I POSSIBILI CORRETTIVI Nel caso della riforma delle pensioni non c'era bisogno di attuare un innalzamento così brusco dell'età minima di pensionamento. Sarebbe bastato rideterminare gli importi pensionistici applicando riduzioni attuariali, pari a circa il 2-3 per cento in meno per ogni anno di pensionamento precedente al raggiungimento della nuova età richiesta. Al tempo stesso, si poteva chiedere ai datori di lavoro di versare i contributi sociali per questi lavoratori fino a quando avessero maturato il diritto a una pensione piena. Al di là del caso degli esodati, la riforma non tiene conto delle grandi differenze nei livelli di produttività e nei programmi di vita dei lavoratori anziani. Alcuni svolgono mansioni in cui sono altamente produttivi e motivati, altri magari, anche per ragioni famigliari, preferiscono ritirarsi dalla vita attiva pur sapendo che così facendo percepiranno una pensione più bassa.
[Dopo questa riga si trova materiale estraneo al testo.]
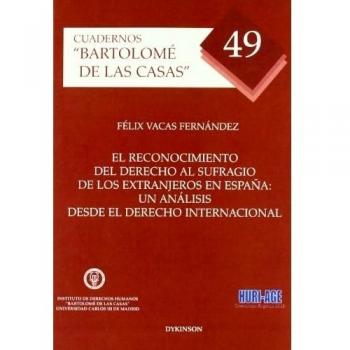 El reconocimiento del derecho al sufragio de los extranjeros en españa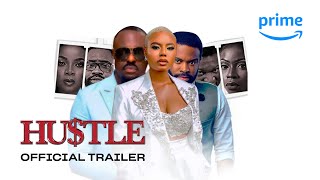 Hustle - Official Trailer | Prime Video Naija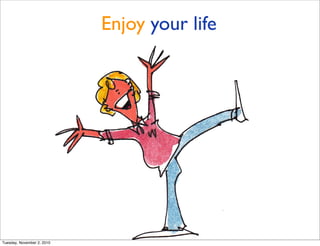 Enjoy your life
Tuesday, November 2, 2010
 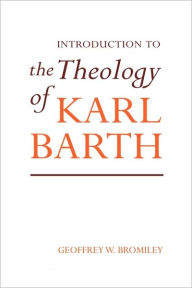 Title: Introduction to the Theology of Karl Barth, Author: Geoffrey W. Bromiley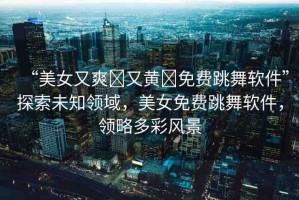 “美女又爽?又黃?免費(fèi)跳舞軟件”探索未知領(lǐng)域，美女免費(fèi)跳舞軟件，領(lǐng)略多彩風(fēng)景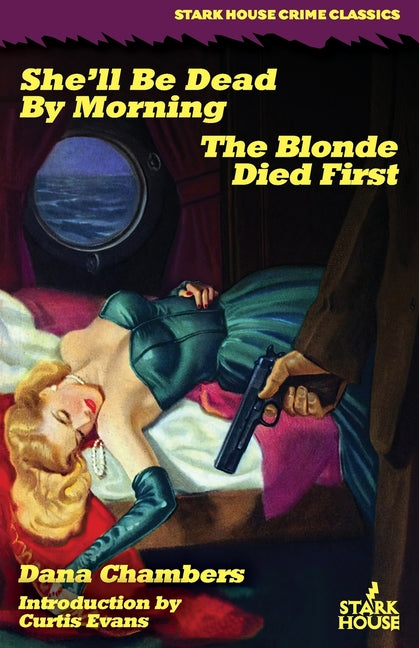 She'll Be Dead by Morning / The Blonde Died First by Chambers, Dana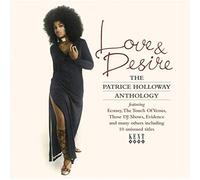 Holloway, Patrice - Love & Desire: The Patrice Holloway Anthology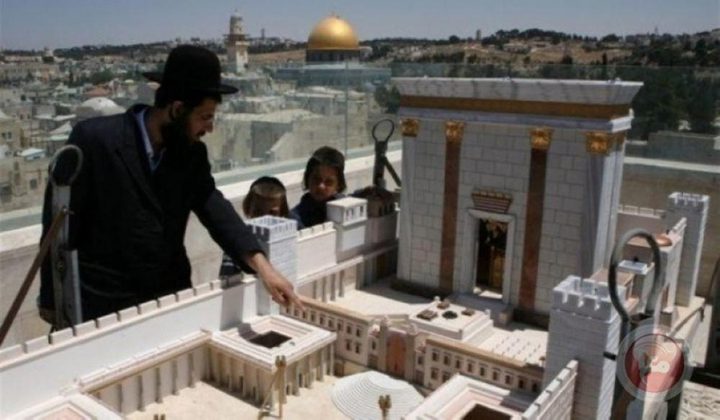 الكشف عن تورط حكومة الاحتلال بالتحضير لإقامة "الهيكل الثالث"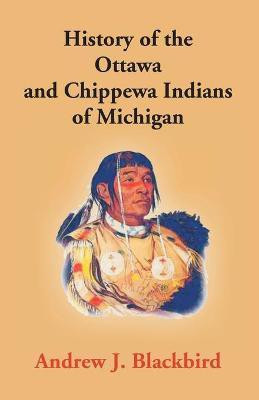 History of the Ottawa and Chippewa Indians of Michigan(English, Paperback, Blackbird Andrew J.)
Un sistema pensionistico sostenibile può permettere scelte diverse sull'età di pensionamento, posto che chi va in pensione prima (ricevendo un assegno per un periodo più lungo) deve incassare somme più basse. La riforma Fornero invece ha costretto anche quei lavoratori che avrebbero accettato una decurtazione della propria pensione pur di uscire prima a posticipare il pensionamento. Specie in un momento così difficile per il nostro mercato del lavoro sarebbe stato meglio garantire maggiore flessibilità nei piani di pensionamento. Bisognava anche abolire i ricongiungimenti onerosi, permettendo ai lavoratori di totalizzare i contributi versati una volta raggiunti i requisiti per la pensione di vecchiaia. La riforma del lavoro avrebbe dovuto creare un vero canale di ingresso nel mercato occupazionale, modulando i costi di licenziamento in modo tale da renderli gradualmente crescenti con l'anzianità aziendale. Così si sarebbe potuto anche evitare di toccare il regime dei licenziamenti proprio nel mezzo di una recessione.